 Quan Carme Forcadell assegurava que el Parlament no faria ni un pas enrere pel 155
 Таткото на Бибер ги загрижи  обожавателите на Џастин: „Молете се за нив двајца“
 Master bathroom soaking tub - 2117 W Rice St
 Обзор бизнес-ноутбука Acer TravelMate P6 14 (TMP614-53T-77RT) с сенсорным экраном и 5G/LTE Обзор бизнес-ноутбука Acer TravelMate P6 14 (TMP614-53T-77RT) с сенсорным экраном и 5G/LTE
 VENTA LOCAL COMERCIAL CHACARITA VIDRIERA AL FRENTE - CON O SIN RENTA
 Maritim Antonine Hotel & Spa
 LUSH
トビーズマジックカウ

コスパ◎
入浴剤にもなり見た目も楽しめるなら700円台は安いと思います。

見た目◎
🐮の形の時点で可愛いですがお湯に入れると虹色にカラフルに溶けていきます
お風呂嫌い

---

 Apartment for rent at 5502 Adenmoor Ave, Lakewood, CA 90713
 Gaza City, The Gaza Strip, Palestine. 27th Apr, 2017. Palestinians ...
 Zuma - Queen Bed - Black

---

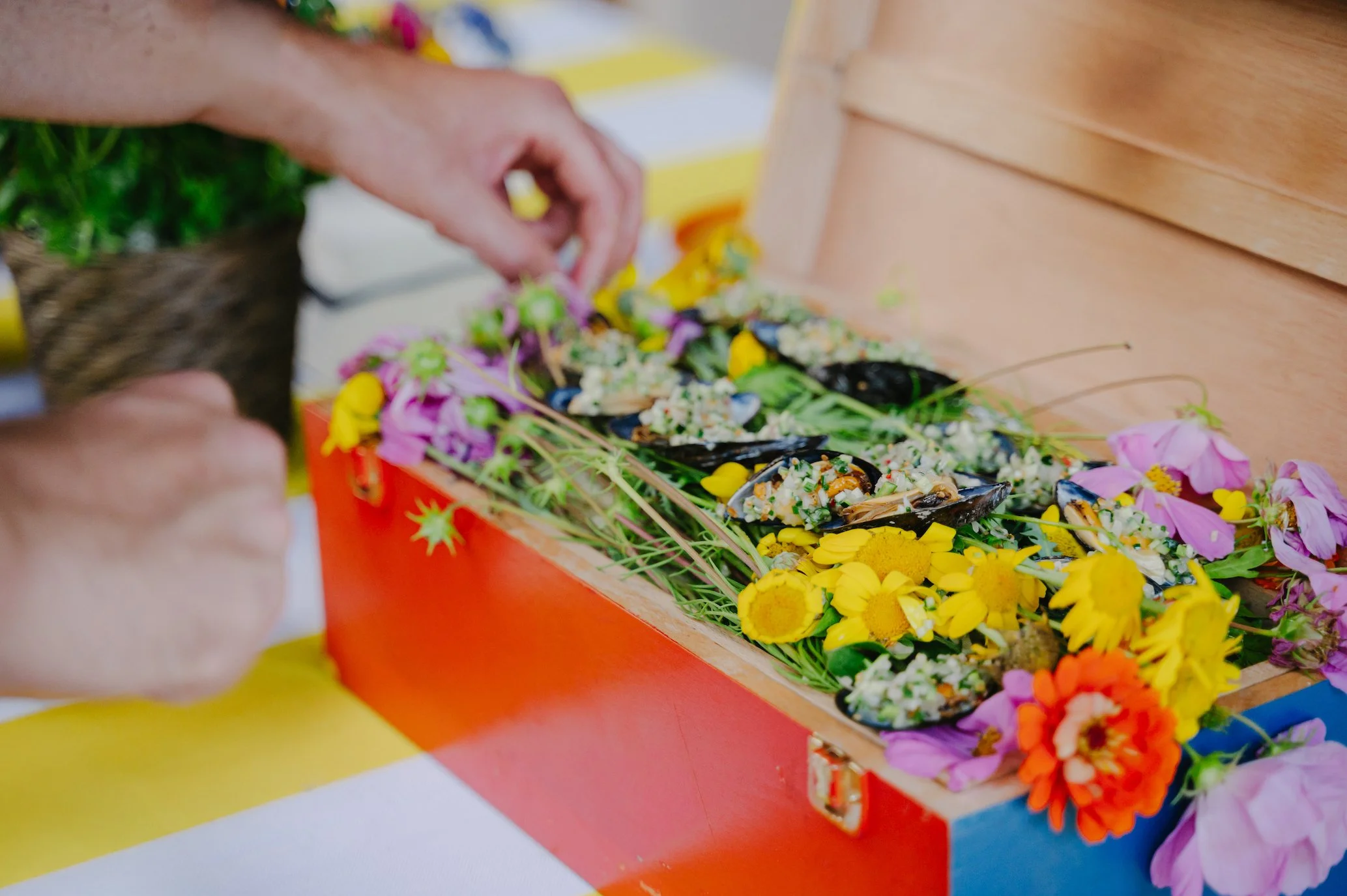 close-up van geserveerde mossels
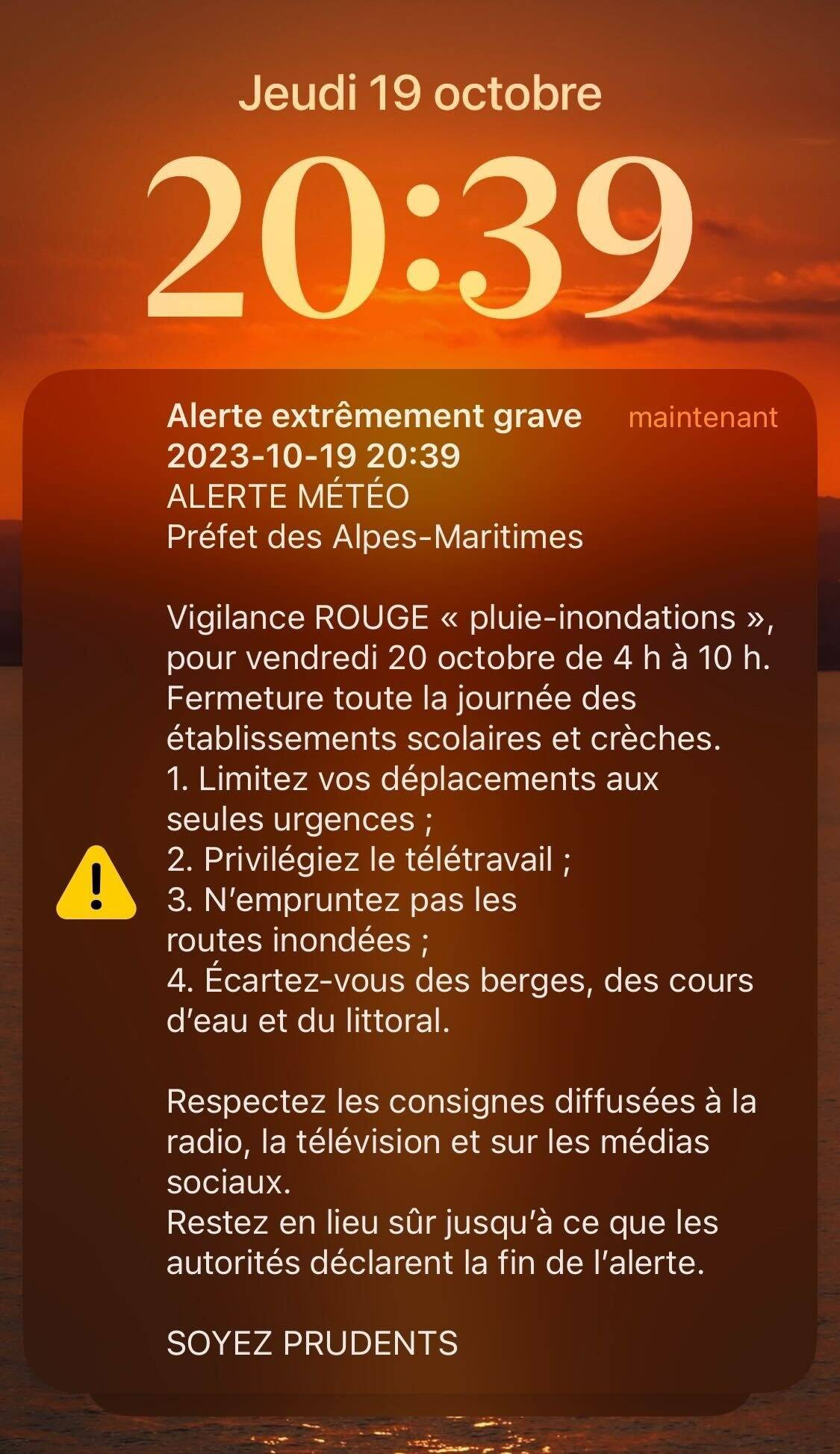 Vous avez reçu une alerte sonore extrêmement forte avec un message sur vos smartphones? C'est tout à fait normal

---

» **Task directions**: Here the output must be the lines above from the line with "2017. Palestinians ..." to the line with "Zuma - Queen Bed - Black", both included, duplicated word for word and nothing else.

» **Response to the exercise**:
 Gaza City, The Gaza Strip, Palestine. 27th Apr, 2017. Palestinians ...
 Zuma - Queen Bed - Black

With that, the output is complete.